Poem in October (Dylan Thomas)

Thomas called this, “the first place poem I’ve written”. The place was Laugharne, on the estuary of the river Taf in Carmarthenshire, where Dylan lived for 4 years in the Boathouse and where, in the graveyard of St Martin’s Church, he and his wife Caitlan are buried. Detailed analyses of Thomas’s poems can differ from one another as much as chalk from cheese. What follows is simply one person’s attempt to follow its meaning.

The opening verse, even by Thomas’s standards, is a very long sentence. The gist of it is, that he ‘woke’ on his birthday on ‘hearing’ the sounds of ‘the morning beckon’ him to ‘set foot’ (on his bedroom floor), and from there to ‘set forth’ from Laugharne – the rest of the sentence being a description of early morning sounds and sights. It was a ‘rainy autumn‘ day, but there was a ‘border‘ between the town and the surrounding countryside, and as ‘the gates of the town closed‘ behind him, there came a growing change in the weather. 

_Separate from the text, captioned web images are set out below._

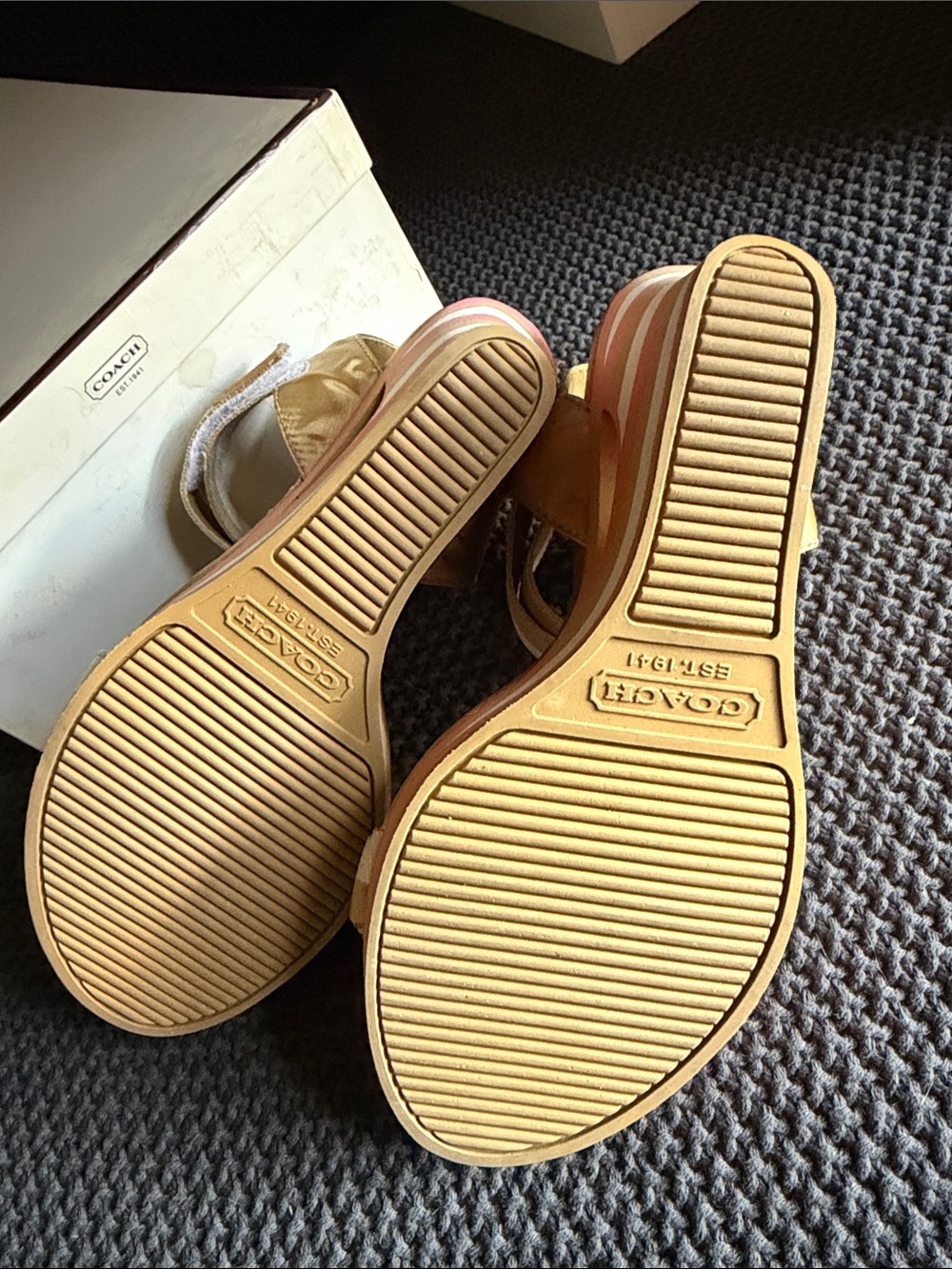 COACH Striped Wedge Sandal in Tan & Pink 7.5 (50) - Picture 6 of 8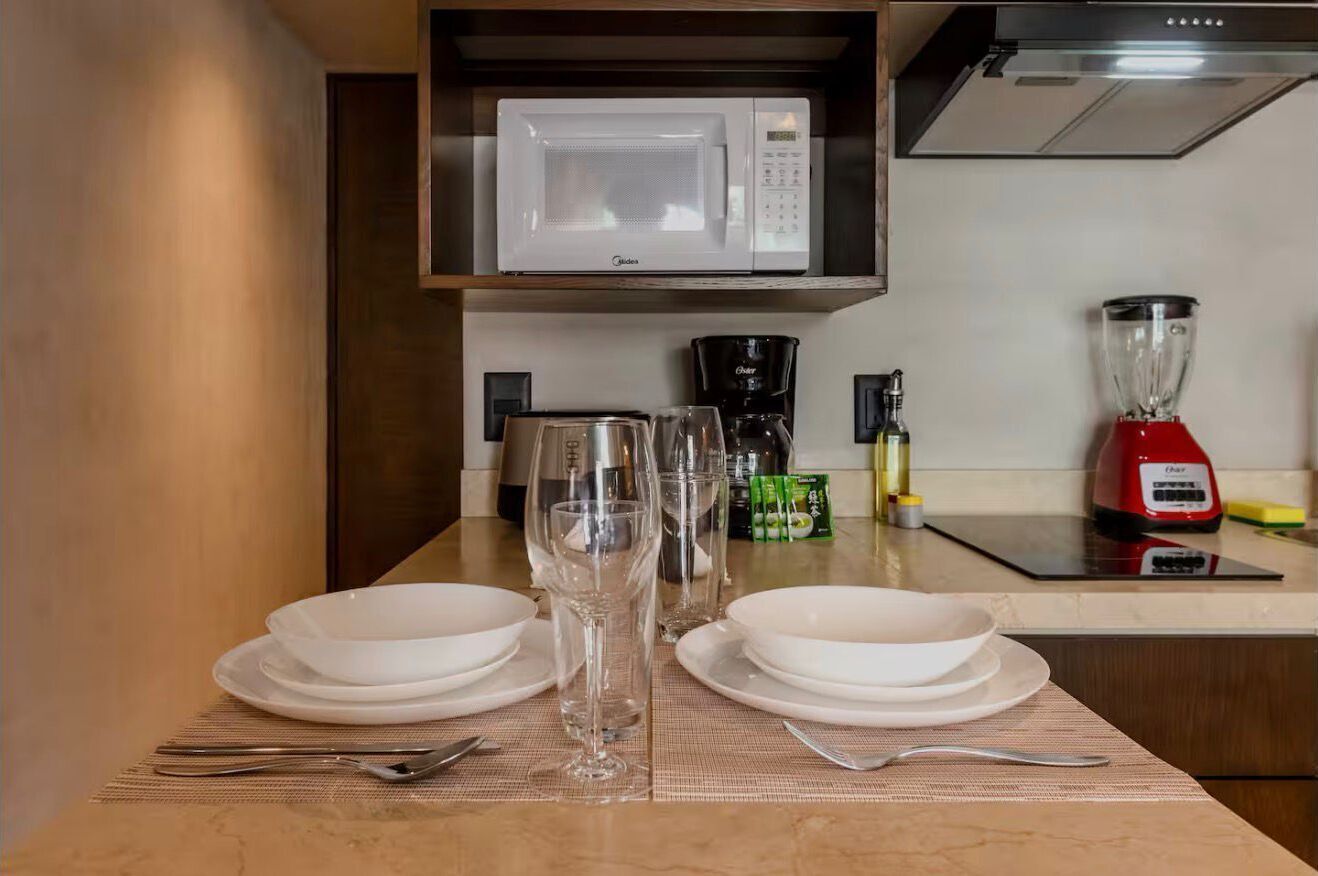 Condo luxo, sacada, vista para a piscina | Cozinha privada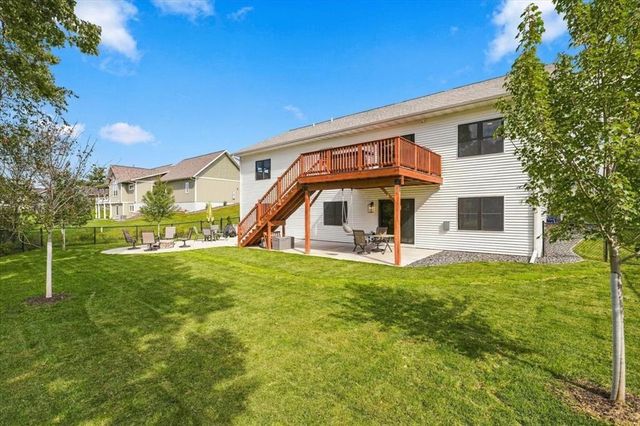 5022 Woodlands Drive, Eau Claire, WI 54703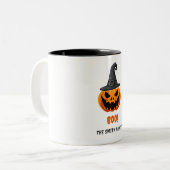 Halloween Pumpkin "BOO!" – Persoonlijke naam Tweekleurige Koffiemok (Voorkant links)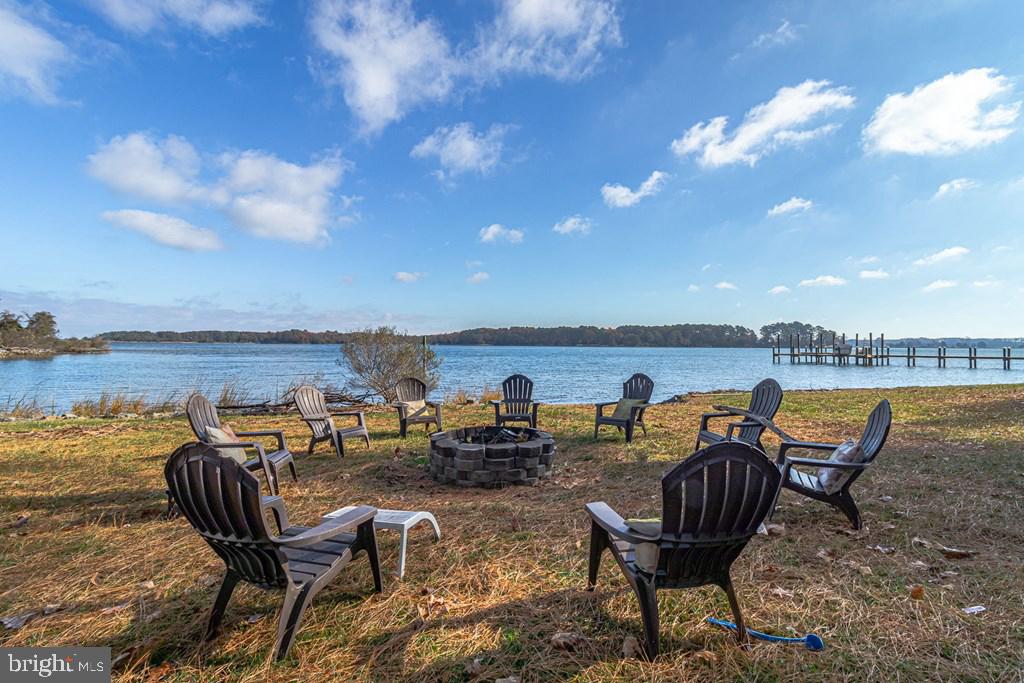 405 Courtney Lane Callao, VA 22435 - Photo 54 of 60 a terrace with outdoor seating and city view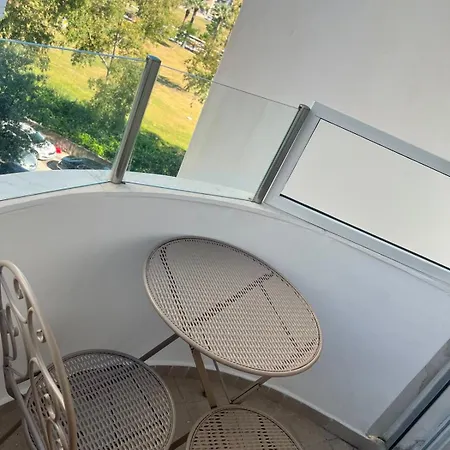 One-bedroom Partial Seaview Διαμέρισμα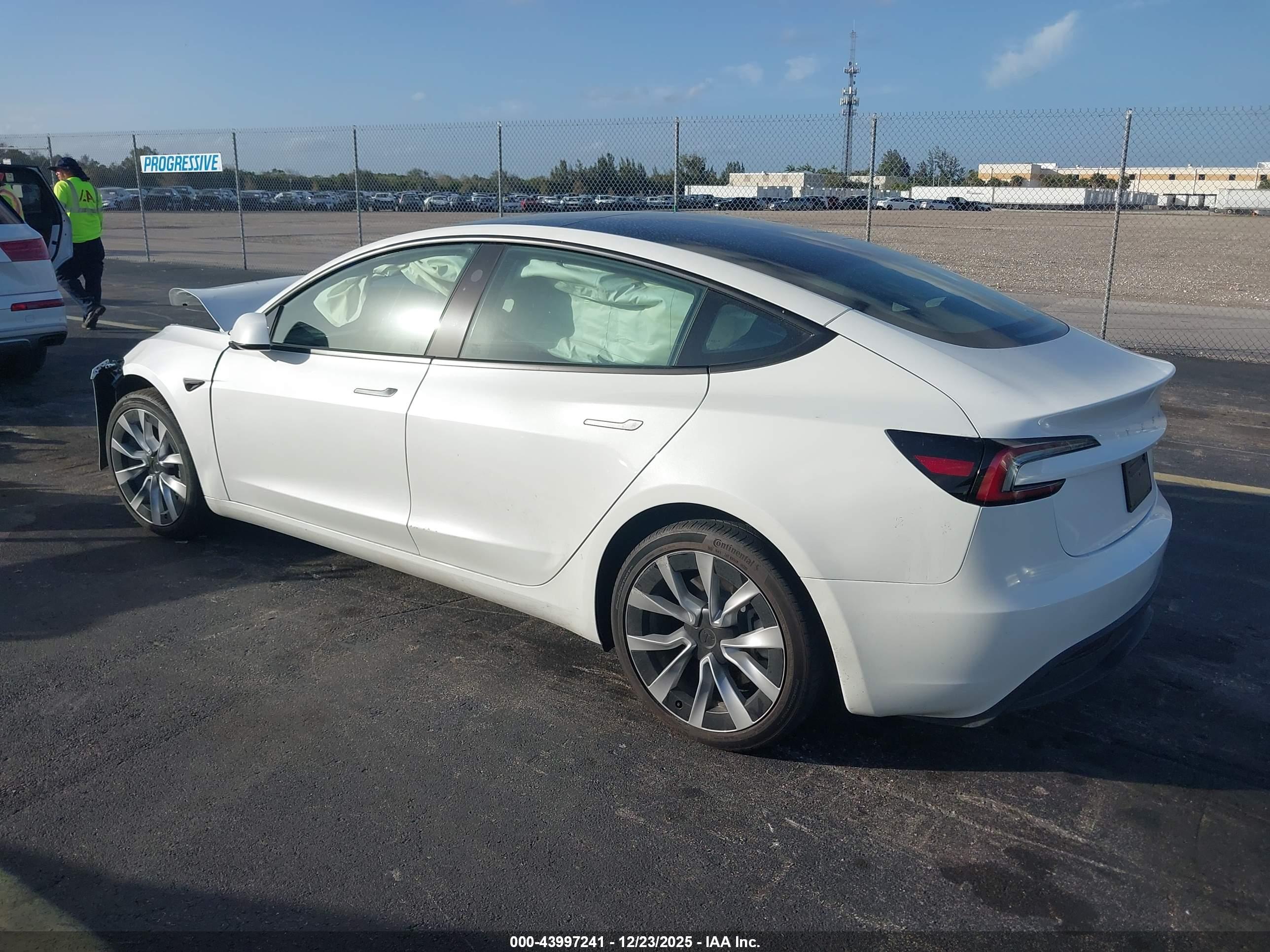 TESLA MODEL image 3
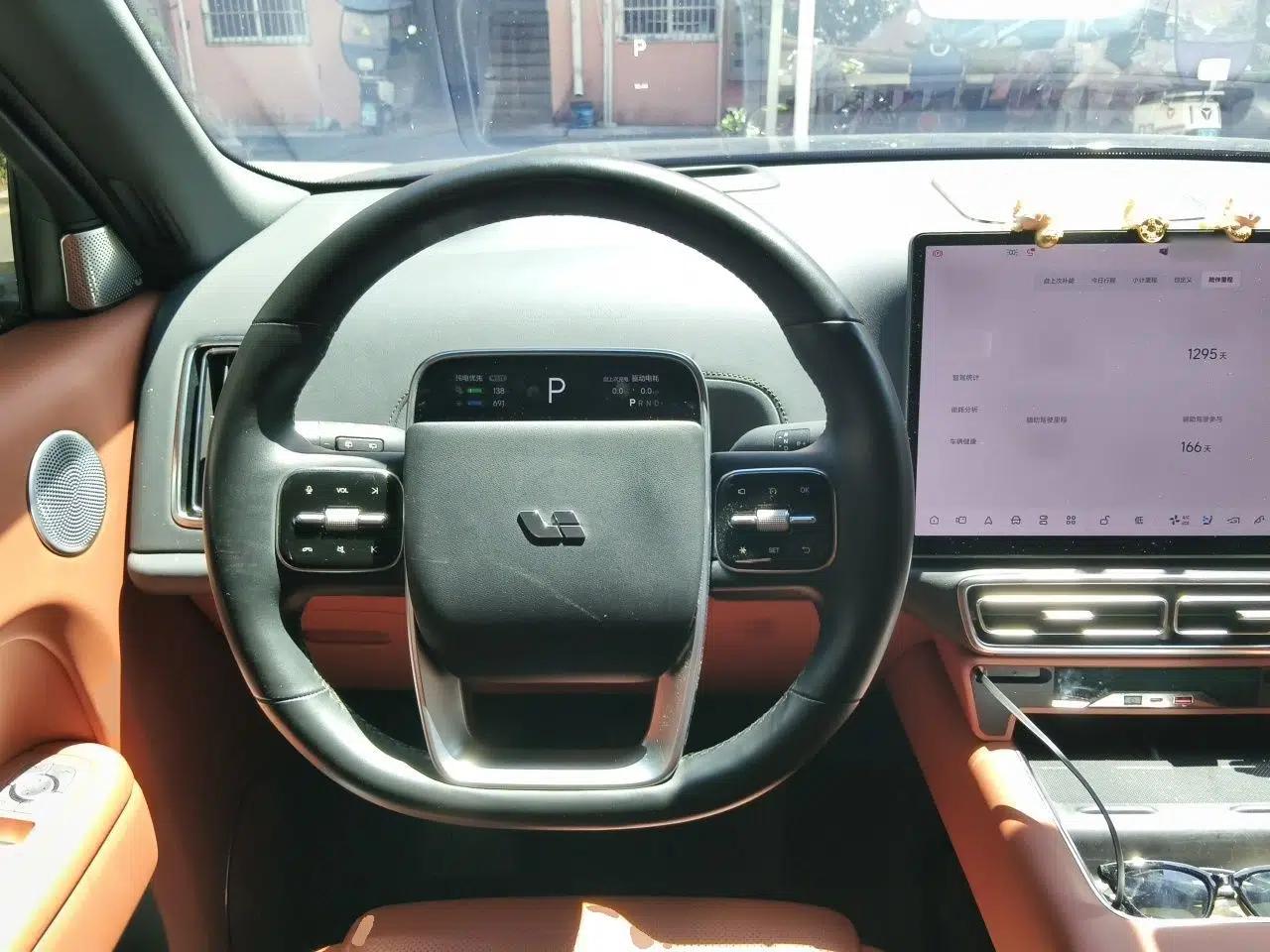 Li Auto L8 2023 Pro Model — миниатюра 10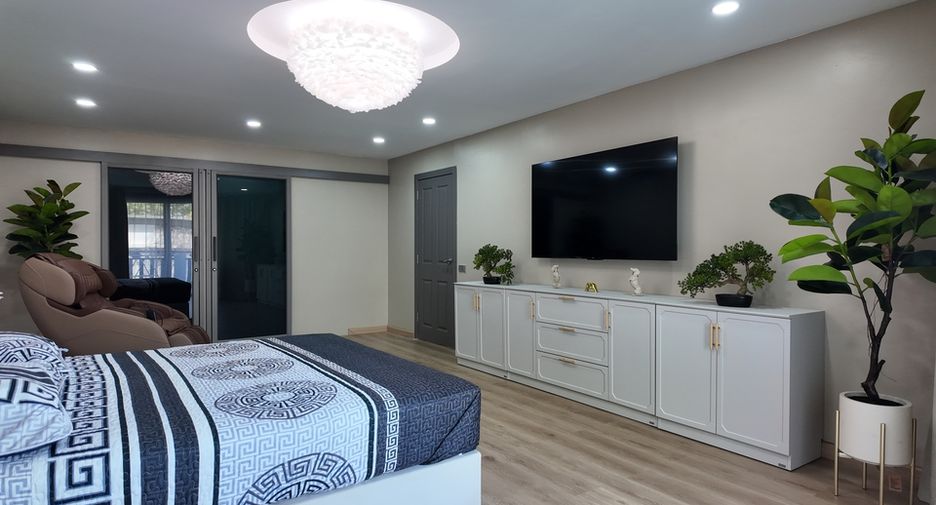 For sale 2 bedrooms condo in South Pattaya, Pattaya
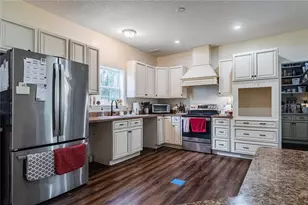 4233 Cindy Rd, Lakeland, FL 33810 - Photo 3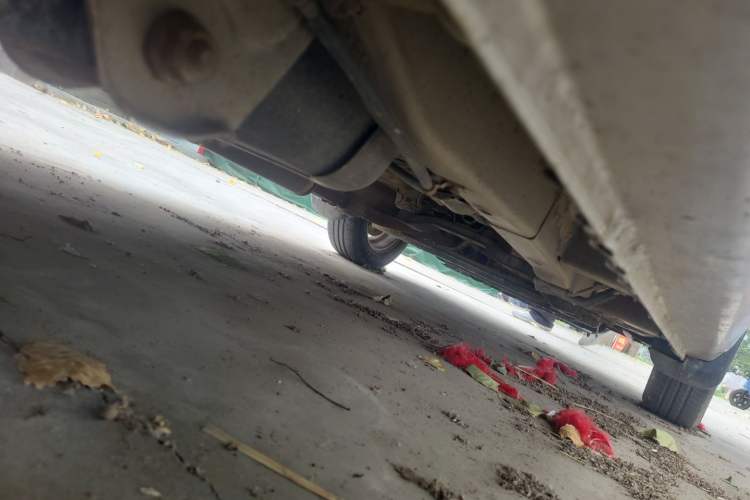 Used Wuling Hongguang 2010 1.4L Practical Version Chassis Rear Right
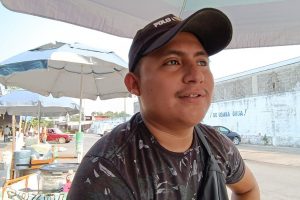 Ante intenso calor, vendedores de pozol en Tabasco obtienen ganancias de hasta mil pesos al día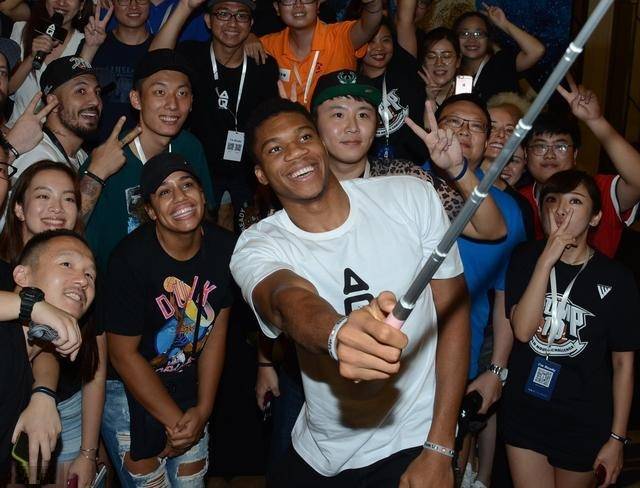 官方：云南玉昆与赵宇豪、徐宏杰完成续约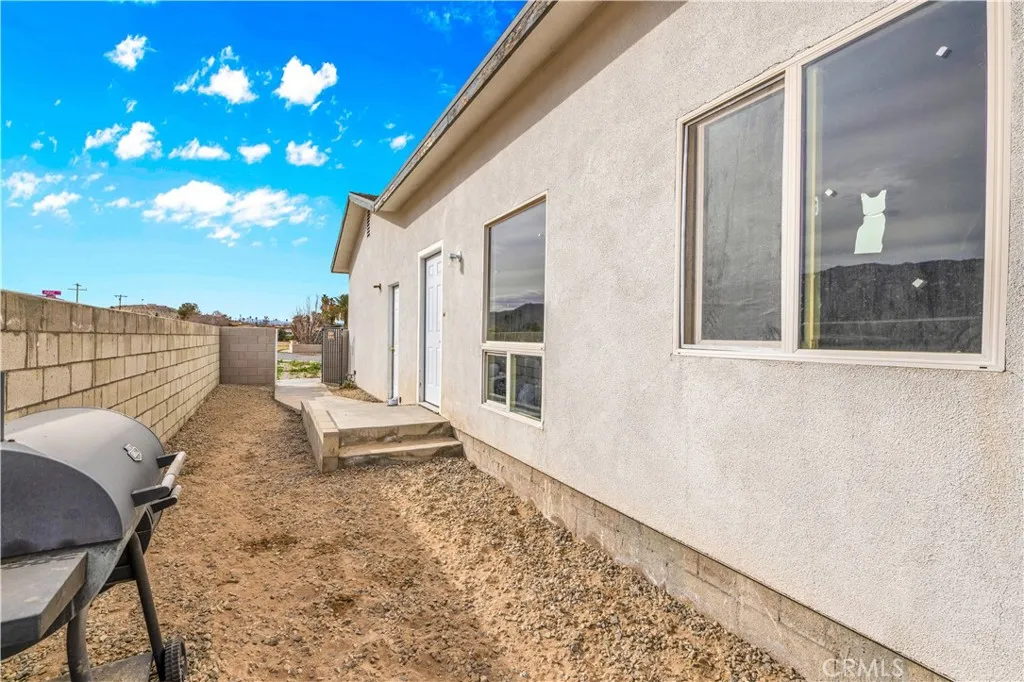 6453 Athol Avenue, 29 Palms, California 92277 home-pic-56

The natural world, for Thomas, was sacred, though not in any conventionally religious sense. Among the sights was ‘the heron priested shore’. To Thomas, with characteristic ambivalence, a heron standing with upward pointing beak resembles a priest or church spire, but with downward pointing beaks, they spear.  Among the sounds were distant murmurings suggesting ‘water praying’, and also choirs of singing birds, which filled him with such delight that it seemed as if they were ‘flying my name above‘, and as if the very trees they’d flown up from had themselves become ‘winged‘. Even the ‘rainy autumn‘ was a joy to experience. The ‘shower‘ of falling rain drops reminded him ‘of all my days‘ in this, his ‘thirtieth year to heaven‘. 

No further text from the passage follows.